始まりの場所
一方、保健室にて、
「あぁ、心配しなくてもいい、雲野君は怪人の遺伝子が強く出てるから、私の力は逆効果なのよね。でもその分怪人の再生能力があるから問題はないよ。
志堂君は先に帰って、寮には私が送るから、あぁ、分かった、それじゃ」
「志堂君からだ、伊万里さんは送り届けただとさ、さて、君の怪我はとうの昔に治っている。あとは、心の傷、おーい、いつまで泣いているんだ。男だろしっかりしろ」
「すみません、でも、でも、」
「負けるのは初めてなの?」
「違います。
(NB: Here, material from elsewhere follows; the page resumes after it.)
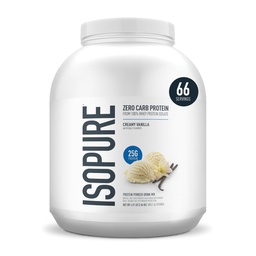 Isopure Zero Carb 100% Puro Whey Isolate Protein Powder, Lactose Free, Gluten Free, Com vitaminas, Creamy Vanilla, 25g Protein Per Serving, 4,5 Lbs, 66 Servings (Packaging May Vary)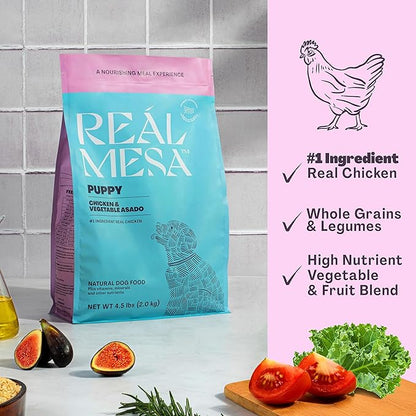 Real Mesa Premium Puppy Food - High Protein, Nutritious Puppy Dog Food for Growth & Development, Chicken & Vegetable Asado (4.5lbs)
何も、本当に何もできないなんて、こんな悔しいなんて、」
翔真は手にしたシーツを破きかねない力で引っ張る。
「こんな力じゃ、かなうわけない、何の役にも立たない、どうして僕には力がないんだ!
守れなかった、僕には何にもできない!!」
感情のせいで無意識に出た蜘蛛の糸が翔真の手に絡みつく、翔真は八つ当たりするようにそれを引きちぎろうとするが、いくらはがしても剥がれず、ベッドにあたる。
「こんな力で、ね。」
きららは勇気の横に座り、手を取り絡みついた糸を丁寧にゆっくりはがしていく。
「昔、私がヒーローをクビになって、海外を旅している時に摩天楼で、君によく似た力を持った青年にあったことがある。彼は軽口を叩きながら、弱気になりそうな自分を奮起させ、ただ闇に紛れて、誰に頼まれたわけでもなく、犯罪者たちを取り締まっていた。
当然、勝手にそんなことをすれば違法だ。彼は犯罪者からも警察からも追われる立場だ。
でも彼は、市民の安全と命を守るために、一人孤独に戦い続けた。終わることのない戦いだ。それを何回も、何十回も、何百、何千と繰り返し、彼は摩天楼の市民に愛されヒーローになった。彼の力は決して最強の力とは言えない。だけど、それでも市民は皆この町の守護神を彼だという、それは彼がしてきたことが証明している。
どんなに悩んでも苦しんでも、彼は決して諦めない、助けを求める声がある限り、
そうせずにはいられない。絶望的な状況でも彼は戦い続けた。
大切なものを守りたい気持ちは君も同じ、ここで諦めれば、君はここまでだ。でも、自分の可能性を信じれば、君は誰よりも強くなれる。自分を信じろ、守りたい人がいるんだろ。
その人に自分を信じろと、言いたくはないか少年。」
僕が守るから、それはずっと昔にした大切な約束。
忘れたわけなじゃない。でも、その言葉を僕はまだ守れていない。